Top of Excerpted records
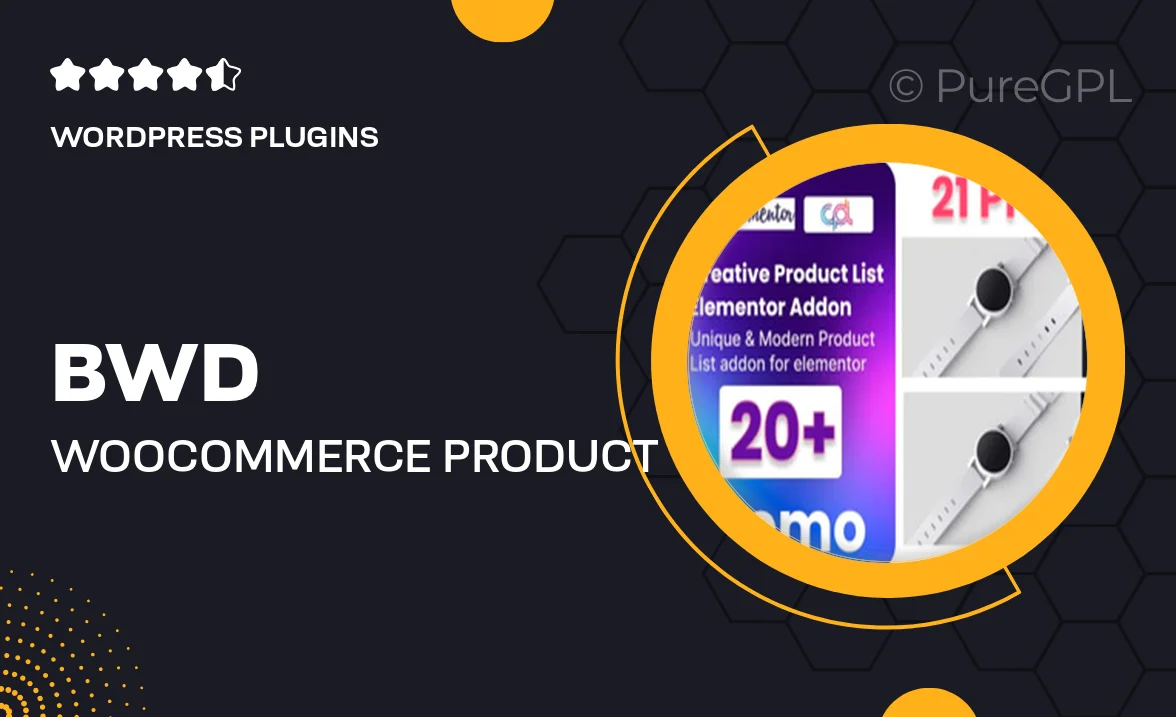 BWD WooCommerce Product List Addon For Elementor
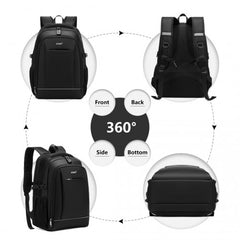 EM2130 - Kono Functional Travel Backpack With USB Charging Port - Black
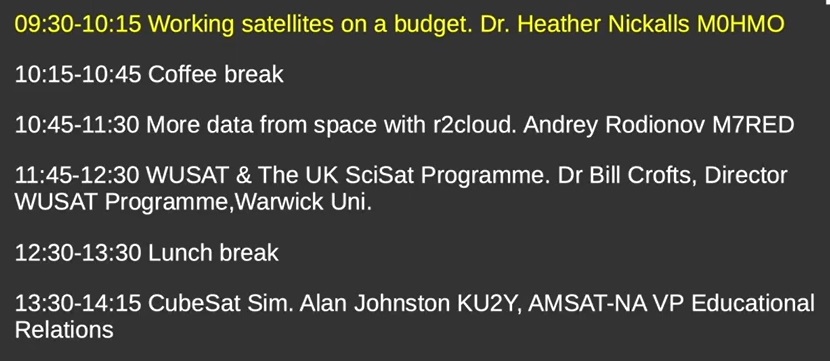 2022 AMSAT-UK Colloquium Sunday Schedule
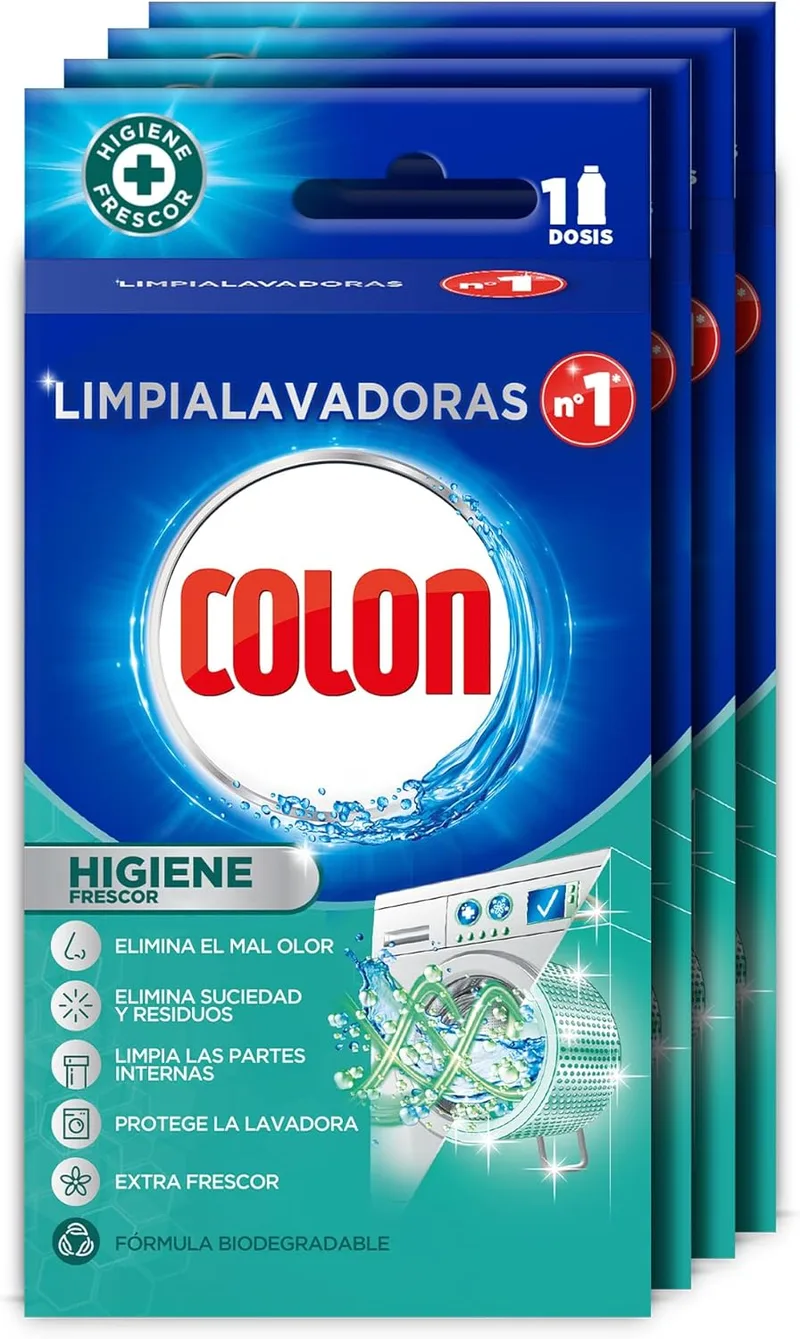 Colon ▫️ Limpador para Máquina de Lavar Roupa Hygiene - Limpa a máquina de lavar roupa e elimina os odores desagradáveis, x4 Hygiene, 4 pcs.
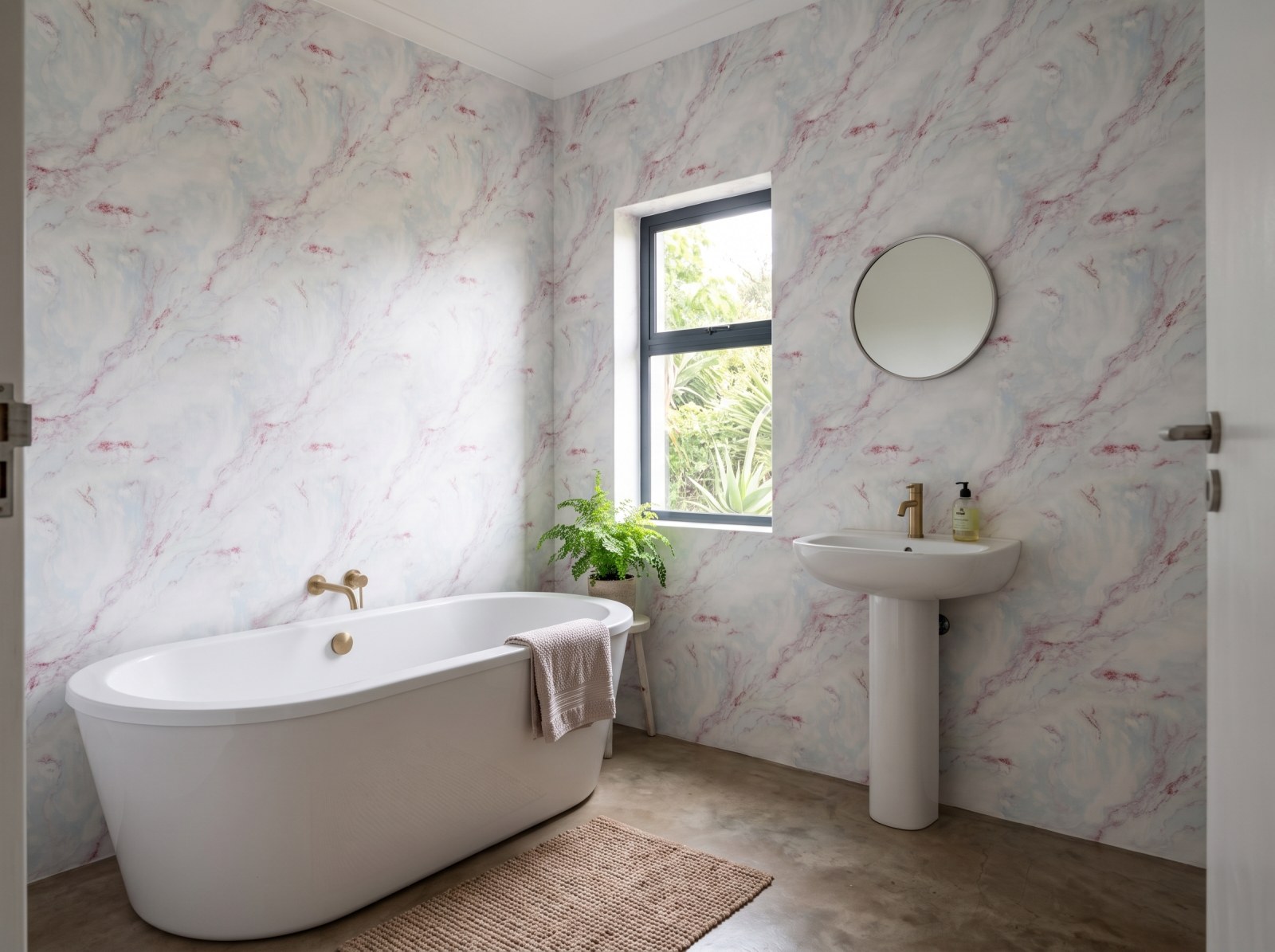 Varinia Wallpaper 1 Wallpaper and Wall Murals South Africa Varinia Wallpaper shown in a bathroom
Bottom of Excerpted records
Your copy should consist only of the lines from the one containing "2022 AMSAT-UK Colloquium Sunday Schedule" through the last line of the entries above, reproduced exactly, without pictures.

_Answer for this exercise_.
 2022 AMSAT-UK Colloquium Sunday Schedule
 Colon ▫️ Limpador para Máquina de Lavar Roupa Hygiene - Limpa a máquina de lavar roupa e elimina os odores desagradáveis, x4 Hygiene, 4 pcs.
 Varinia Wallpaper 1 Wallpaper and Wall Murals South Africa Varinia Wallpaper shown in a bathroom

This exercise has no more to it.